GOP's Josh Hawley doesn't even live in the state he represents: report
Republican senator Josh Hawley. (Screenshot)

Republican Sen. Josh Hawley doesn't appear to live in the state he represents.


The Missouri Republican frequently rails against "coastal elites," and has even sponsored legislation to redistribute thousands of federal workers from Washington, D.C., to the heartland, but the Kansas City Star reported that he no longer has a home in the state.

Hawley is currently registered to vote at his sister's home in Ozark, but he currently does not own a home in Missouri and instead spends most of his time with his wife and three children at their $1.3 million house in the Northern Virginia suburbs of the nation's capital.

The first-term senator's parents purchased a lot in Christian County, Missouri, in October 2019 and added him to the deed, property records show, but a house on the property is still under construction.

Hawley, who said after he took office last year that he would split his time between Missouri and suburban Washington, used his sister's address to vote in this month's election.

He had lived in Columbia as a professor at the University of Missouri Law School and during his two years as Missouri attorney general, but Hawley and his wife sold their home there in March 2019.

The couple were added as co-owners to his parents' Springfield that same month, but that property was sold in June.

Hawley's office would not say whether the senator was paying his sister rent on her home or say how much time he spent there, and instead his spokeswoman criticized The Star for asking questions about his residency.

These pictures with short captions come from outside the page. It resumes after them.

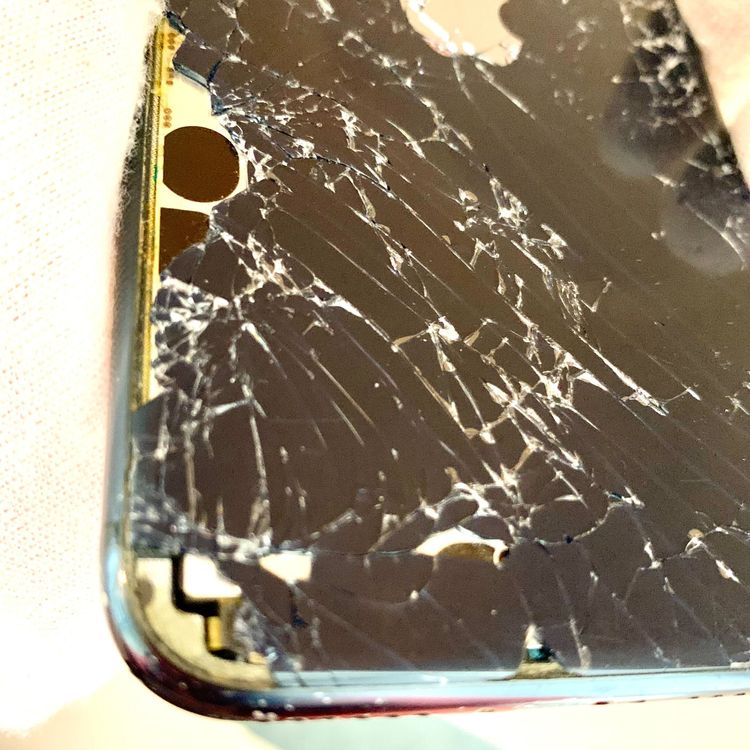 ꡪ iPhone SE3 64GB ߥåɥʥSIMե꡼ 100%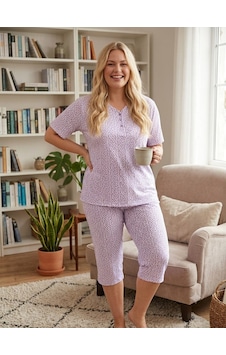 Büyük Beden Kısa Kol Kapri Pamuklu Likralı Pijama Takımı 8642 Lila Büyük Beden Kısa Kol Kapri Pamuklu Likralı Pijama Takımı 8642 Lila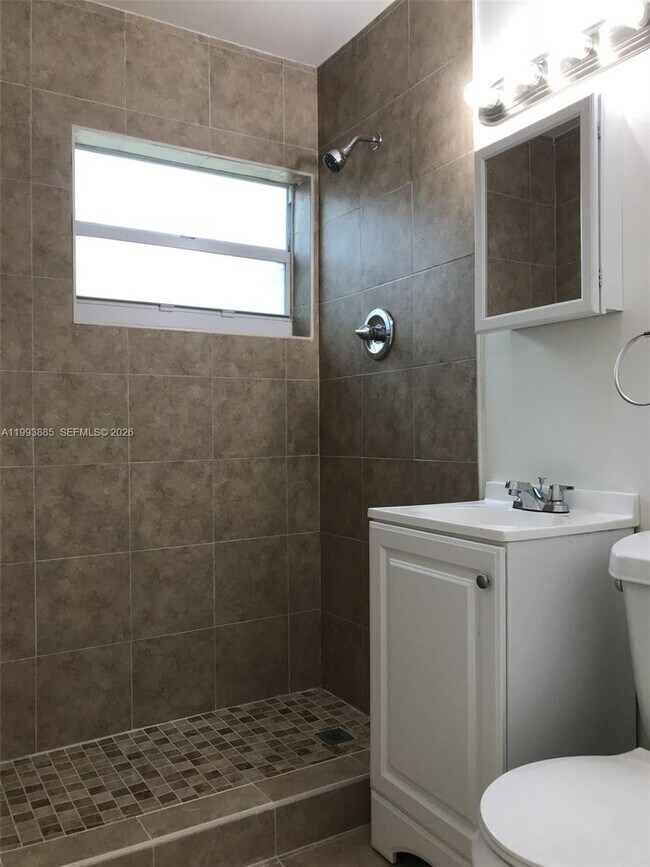 Foto del edificio - 2362 NW 34th St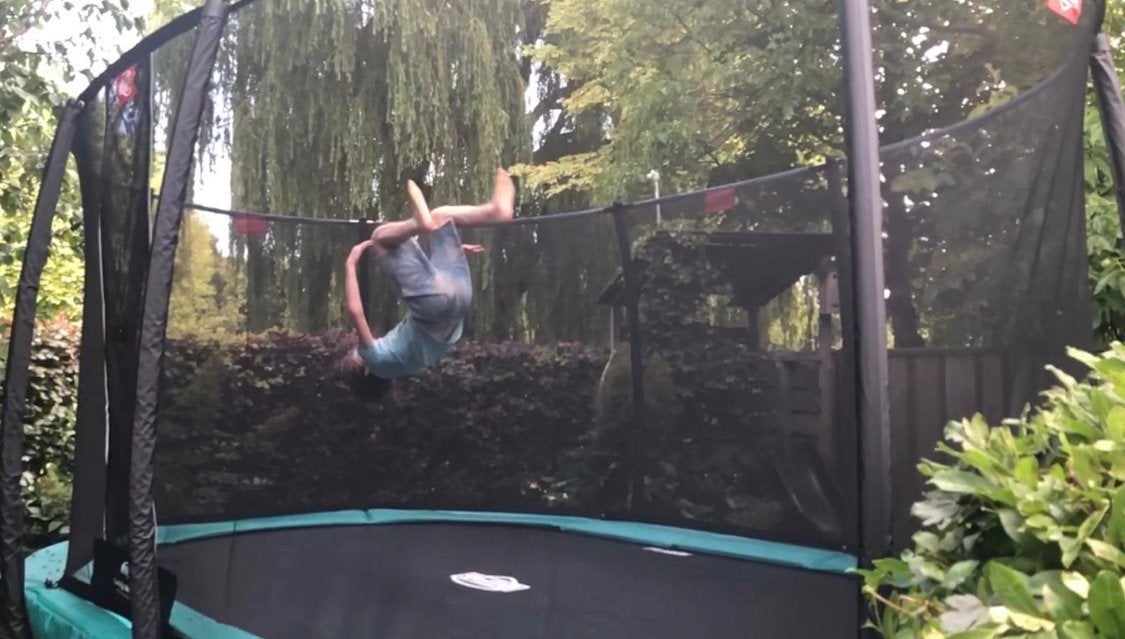 Grote ovale Berg trampoline met veiligheidsnet, Kinderen en Baby's, Speelgoed | Buiten | Trampolines, Ophalen, Gebruikt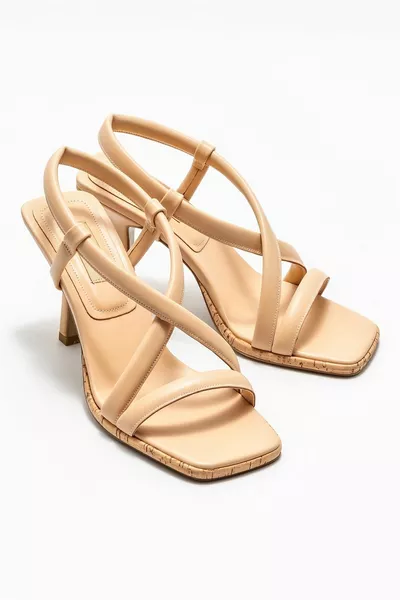 صنادل نسائية طبيعية بكعب عال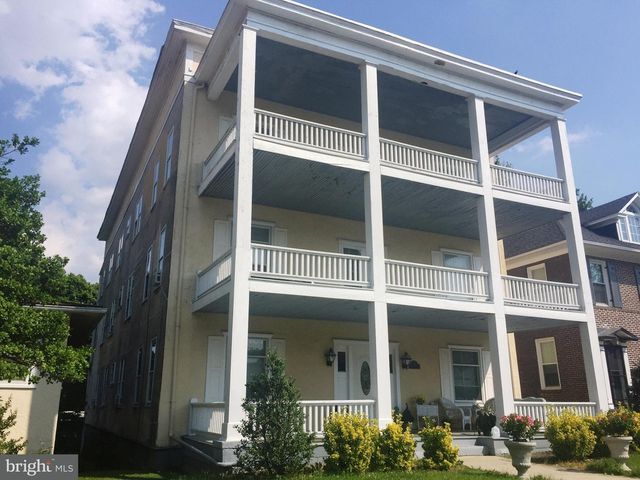 Building Photo - 1106 Oak Hill Ave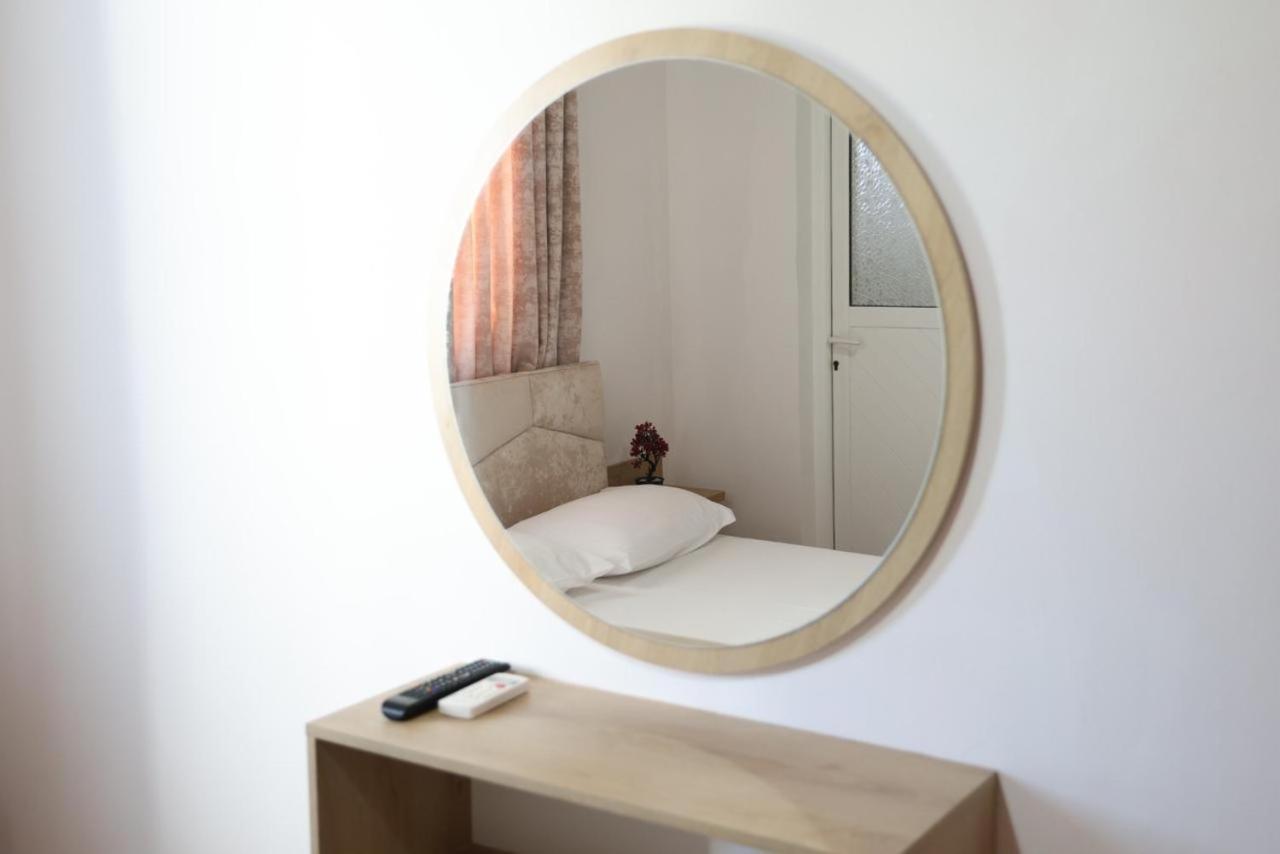Apartments Villa Luti Stjar Екстер'єр фото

“Josh and Erin sold their home in Springfield earlier this year to build a new one in Ozark, Missouri, and are staying down the street with family in Ozark while it’s finished," said spokeswoman Kelli Ford. "We realize Ozark may not be ritzy, but it suits Josh and Erin just fine."

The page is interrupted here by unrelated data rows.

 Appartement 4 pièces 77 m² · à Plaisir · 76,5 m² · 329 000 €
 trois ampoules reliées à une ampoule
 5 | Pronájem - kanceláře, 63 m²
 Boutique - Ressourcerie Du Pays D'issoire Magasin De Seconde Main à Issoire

The Democratic group Congressional Integrity Project alleges that Hawley could be violating Missouri's voter registration law, but election law experts say the issue is more of a political problem than a legal violation.

“Residency is where you want to be, not where you are,” said Chuck Hatfield, a Jefferson City election law attorney. “It’s kind of circular. What does it mean to be a resident? It’s not very well-defined and the courts have been pretty darn lenient … I can’t imagine a scenario where Josh is in violation of the state law."